There are a few ways to get from Lake Atitlán to Tikal National Park, but flying is the best option as the two destinations are about 397 miles (640 km) apart. Note that Lake Atitlán doesn't have its own airport—you'll first need to travel to Guatemala City, which will require you to take a private transfer or group shuttle.
Although the drive between the two points is long, it is possible to hire a private driver or rent a car in nearby Antigua to make the 12-hour journey from Lake Atitlán to Tikal. This is a good option if you'd like to maximize the amount of countryside you see during your stay.
You can also take an overnight bus from Panajachel in Lake Atitlán to Tikal, but you'll have to transfer in Guatemala City. Traveling at night in Guatemala can be quite dangerous, especially in Zone 1 where most buses depart, so this is not a recommended option.
If you're interested in seeing the Guatemalan Highlands without the hassle of arranging your own transit, consider jumping on our 7-day itinerary that includes tours of village workshops in Antigua, a Mayan market tour in Lake Atitlán, a guided trek through Tikal National Park, and more.

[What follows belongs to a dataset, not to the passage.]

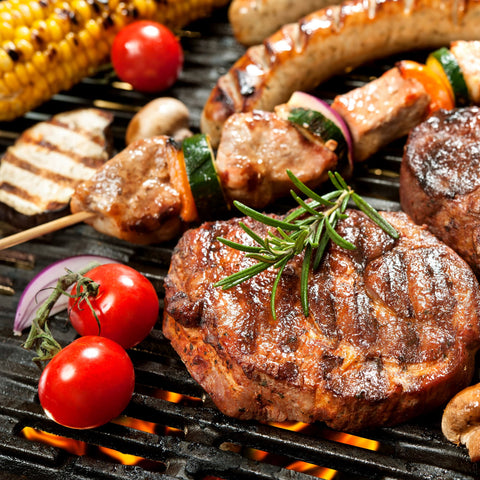 grilled meats and vegetables for outdoor cooking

By Plane and Private Transfer
Duration: 5 hours, more depending on transfers
To take a flight, you'll first have to take a private transfer or group shuttle from Lake Atitlán to Guatemala City's La Aurora International Airport (GUA), which will take about three hours.
It should be fairly easy to find a driver or a group shuttle in Panajachel or another larger town by the lake, but consider talking with a local specialist for help in organizing your transfer to Guatemala City.

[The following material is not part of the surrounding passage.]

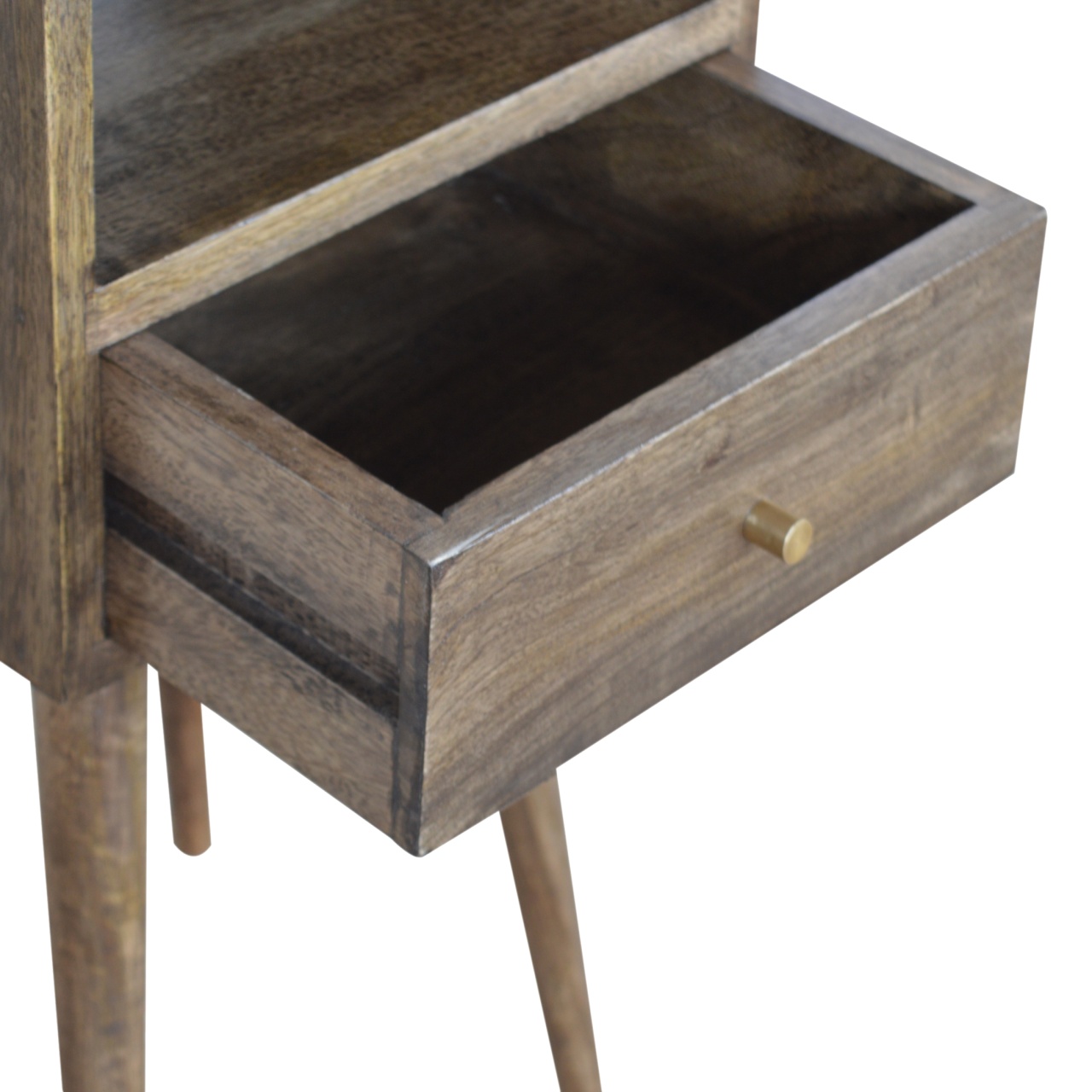 Solid Mango Wood Petite Grey Wash Finish One Drawer Bedside - Image 3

Multiple direct flights leave Guatemala City for Mundo Maya International Airport (FRS) in Flores each day, and the flight lasts one hour. Once you land in Flores, you're about 45 minutes from the entrance to Tikal National Park, so you'll need to take and additional private transfer or taxi from the airport to the entrance to the park.

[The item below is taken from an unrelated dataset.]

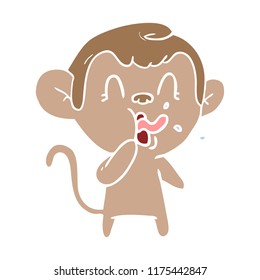 Cartoon-Affe mit glatter, flacher Farbe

By Private Transfer or Rental Car
Duration: 12 hours, more with stops and traffic
If you'd rather take the scenic route to Tikal, you can hire a driver or rent your own car for the journey. There are some small rental companies in Lake Atitlán, but the larger international companies are about two hours away in Antigua, so a private transfer is usually more convenient.
Some routes for this journey include a ferry, so if you are driving yourself, be sure to carefully study the routes before you set off. A private driver will know the most convenient route to take, and they'll also be able to recommend the best places to stop along the way. If you would like to split the journey up into two days, be sure to make your hotel reservations ahead of time.
If you take route CA-14, you can book an overnight stay in Cobán, which is about halfway between the lake and Tikal. There are some beautiful colonial churches in town, plus turquoise swimming holes and lagoons that are popular with locals and tourists that will hold extra appeal for those interested in birdwatching.
Duration: 14 hours, more with stops and transfers
Although most travelers in Guatemala don't encounter any issues, the majority of crime in the country occurs after dark. There is an overnight bus that will take you to Tikal from Guatemala City, but the bus station is in a fairly notorious area of town where petty theft and robberies are common.
We cannot recommend taking the night bus or any late-night transportation between major cities in Guatemala.